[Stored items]
○ ○ ○

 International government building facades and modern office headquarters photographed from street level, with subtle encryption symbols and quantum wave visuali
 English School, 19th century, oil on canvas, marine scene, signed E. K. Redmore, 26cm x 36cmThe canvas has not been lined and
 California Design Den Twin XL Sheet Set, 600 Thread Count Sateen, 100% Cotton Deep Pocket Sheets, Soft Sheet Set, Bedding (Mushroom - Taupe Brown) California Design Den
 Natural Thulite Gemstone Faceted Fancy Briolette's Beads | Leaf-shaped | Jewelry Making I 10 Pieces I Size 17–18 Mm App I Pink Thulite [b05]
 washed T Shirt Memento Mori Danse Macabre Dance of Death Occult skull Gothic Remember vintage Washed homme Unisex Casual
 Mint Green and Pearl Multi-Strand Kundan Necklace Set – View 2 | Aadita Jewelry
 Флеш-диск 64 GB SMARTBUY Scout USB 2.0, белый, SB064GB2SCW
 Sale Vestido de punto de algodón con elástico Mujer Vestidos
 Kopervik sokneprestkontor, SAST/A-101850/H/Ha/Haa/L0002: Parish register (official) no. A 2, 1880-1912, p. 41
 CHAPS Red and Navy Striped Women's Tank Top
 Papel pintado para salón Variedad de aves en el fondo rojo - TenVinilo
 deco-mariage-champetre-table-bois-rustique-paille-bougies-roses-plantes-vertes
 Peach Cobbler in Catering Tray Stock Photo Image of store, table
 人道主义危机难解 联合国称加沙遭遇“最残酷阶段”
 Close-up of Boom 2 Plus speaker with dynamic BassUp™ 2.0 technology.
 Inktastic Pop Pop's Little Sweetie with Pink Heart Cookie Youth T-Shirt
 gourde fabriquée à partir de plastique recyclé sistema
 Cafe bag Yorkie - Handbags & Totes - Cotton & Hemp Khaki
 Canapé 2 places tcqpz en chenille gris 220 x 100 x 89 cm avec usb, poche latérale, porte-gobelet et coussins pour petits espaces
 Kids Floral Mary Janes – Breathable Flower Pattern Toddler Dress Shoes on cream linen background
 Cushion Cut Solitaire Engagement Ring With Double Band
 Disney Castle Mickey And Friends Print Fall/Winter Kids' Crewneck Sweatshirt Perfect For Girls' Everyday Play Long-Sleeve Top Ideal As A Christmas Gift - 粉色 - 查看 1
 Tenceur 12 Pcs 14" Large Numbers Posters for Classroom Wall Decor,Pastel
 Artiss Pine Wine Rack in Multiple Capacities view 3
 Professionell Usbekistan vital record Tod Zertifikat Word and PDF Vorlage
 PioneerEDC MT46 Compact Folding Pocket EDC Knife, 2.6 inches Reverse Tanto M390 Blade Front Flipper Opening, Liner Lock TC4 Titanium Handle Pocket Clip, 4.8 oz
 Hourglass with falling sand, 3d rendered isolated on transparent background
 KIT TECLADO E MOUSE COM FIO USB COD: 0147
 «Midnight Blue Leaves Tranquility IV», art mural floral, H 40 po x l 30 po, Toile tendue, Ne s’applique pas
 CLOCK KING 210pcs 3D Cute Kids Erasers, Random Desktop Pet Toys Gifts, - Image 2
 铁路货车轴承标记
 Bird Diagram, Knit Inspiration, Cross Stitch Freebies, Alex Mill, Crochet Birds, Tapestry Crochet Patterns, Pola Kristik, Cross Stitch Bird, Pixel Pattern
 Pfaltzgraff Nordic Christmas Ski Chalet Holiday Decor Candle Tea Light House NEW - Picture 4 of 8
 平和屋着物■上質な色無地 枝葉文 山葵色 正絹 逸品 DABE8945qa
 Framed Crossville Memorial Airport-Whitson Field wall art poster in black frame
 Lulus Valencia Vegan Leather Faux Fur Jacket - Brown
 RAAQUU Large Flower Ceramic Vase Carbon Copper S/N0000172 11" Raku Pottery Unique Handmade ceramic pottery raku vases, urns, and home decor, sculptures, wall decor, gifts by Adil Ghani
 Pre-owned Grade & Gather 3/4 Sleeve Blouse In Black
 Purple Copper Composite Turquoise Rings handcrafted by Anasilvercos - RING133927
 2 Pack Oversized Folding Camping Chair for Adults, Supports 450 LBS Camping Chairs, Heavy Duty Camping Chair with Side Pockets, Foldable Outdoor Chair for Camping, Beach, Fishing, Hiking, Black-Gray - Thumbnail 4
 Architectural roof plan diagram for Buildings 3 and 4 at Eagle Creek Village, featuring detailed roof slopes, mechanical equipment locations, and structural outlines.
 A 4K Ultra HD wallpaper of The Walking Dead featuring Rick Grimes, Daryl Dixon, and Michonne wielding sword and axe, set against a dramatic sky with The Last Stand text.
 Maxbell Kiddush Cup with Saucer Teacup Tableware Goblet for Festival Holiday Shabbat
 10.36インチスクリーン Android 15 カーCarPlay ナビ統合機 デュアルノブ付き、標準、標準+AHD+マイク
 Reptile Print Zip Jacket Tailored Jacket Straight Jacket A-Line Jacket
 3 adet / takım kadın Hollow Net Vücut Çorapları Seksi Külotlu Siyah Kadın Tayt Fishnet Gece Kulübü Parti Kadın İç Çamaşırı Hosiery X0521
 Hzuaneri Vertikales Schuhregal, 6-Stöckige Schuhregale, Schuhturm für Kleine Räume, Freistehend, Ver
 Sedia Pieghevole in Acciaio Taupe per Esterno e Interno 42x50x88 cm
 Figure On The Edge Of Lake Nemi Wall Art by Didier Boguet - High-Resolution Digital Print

○ ○ ○

● **What you are asked to do**
Write out exactly the lines above from the line with "Disney Castle Mickey" through the line with "Professionell Usbekistan vital", both of them included, and leave out all other lines.

● **Task result**
 Disney Castle Mickey And Friends Print Fall/Winter Kids' Crewneck Sweatshirt Perfect For Girls' Everyday Play Long-Sleeve Top Ideal As A Christmas Gift - 粉色 - 查看 1
 Tenceur 12 Pcs 14" Large Numbers Posters for Classroom Wall Decor,Pastel
 Artiss Pine Wine Rack in Multiple Capacities view 3
 Professionell Usbekistan vital record Tod Zertifikat Word and PDF Vorlage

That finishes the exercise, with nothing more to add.